Unfortunately, however, the report included several arguments linked to the rationalization of coal-fired power usage, including underestimating the potential for renewable energy in Southeast Asia and using assumptions based on the IEA scenario, which is not aligned with the Paris Agreement.
- In light of these developments, we are publishing this document in the hope that it will lead to a comprehensive review of the Japanese government’s infrastructure export strategy, resulting in complete cessation of coal-fired power exports and a shift to supporting new energy businesses that serve to advance the expansion of renewable energy sources.
Four Reasons Japan Needs to Cease Coal-Fired Power Exports and Shift to Supporting Renewable Energy Business
(1) The claim that Japan’s coal-fired power plants have world-leading efficiency no longer holds true
- It is clear from the METI Report and materials submitted by power companies to the MOE Committee that the claim that Japan’s coal-fired power plants have world-leading energy efficiency, which formed the main argument for Japan’s coal-fired power export strategy, no longer holds true.
- Keisuke Suzuki, State Minister for Foreign Affairs, stated at the third MOE Committee meeting that "the report states that the double-reheat USC units produced solely in China have greater efficiency than the single-reheat USC units produced in Japan, and that the cost is not greater than the Japanese technology. If this is true, the premise for exporting - that Japan’s technology is superior - would change."
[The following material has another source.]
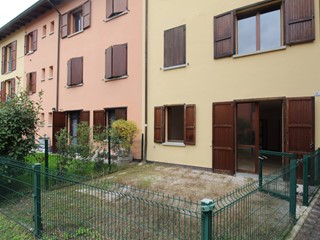 Quadrilocale in Vendita a Albinea, 220'000€, 90 m², con Box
(2) ”Coal-fired power and decarbonization in tandem” is unrealistic
- “Decarbonization” technologies advocated in the METI Report such as IGCC and CCS have only a small reduction effect, are costly, and the technology is not yet established. It is also clear from the materials submitted by power companies that the technology is not yet feasible for use in current export projects.
(3) There are major business opportunities for renewable energy development, power grid construction, etc. in Southeast Asia
- Southeast Asia has significant renewable energy potential - more than enough to meet electricity demand.
- The generation cost for photovoltaic technology, etc. is rapidly decreasing, making it cost-competitive versus coal-fired power.
- There is already an international power grid in the Indochina peninsula, with construction/plans progressing in island areas. It is in advancing these initiatives where infrastructure export opportunities lie.
(4) Many corporations and financial institutions are already shifting from coal-fired power to renewable energy businesses
Summary of Why Japan Needs to Cease Coal-Fired Power Exports and Shift to Supporting Renewable Energy
(1) The government of Japan is committed to the Paris Agreement, stating that “Determined to lead global decarbonization, Japan will demonstrate its high aspiration and its stance to actively promote efforts for decarbonization both in and out of Japan” (Japan's “Long-term Strategy under the Paris Agreement). Accordingly, the government must adopt an infrastructure export strategy that is aligned with the realization of the Paris Agreement.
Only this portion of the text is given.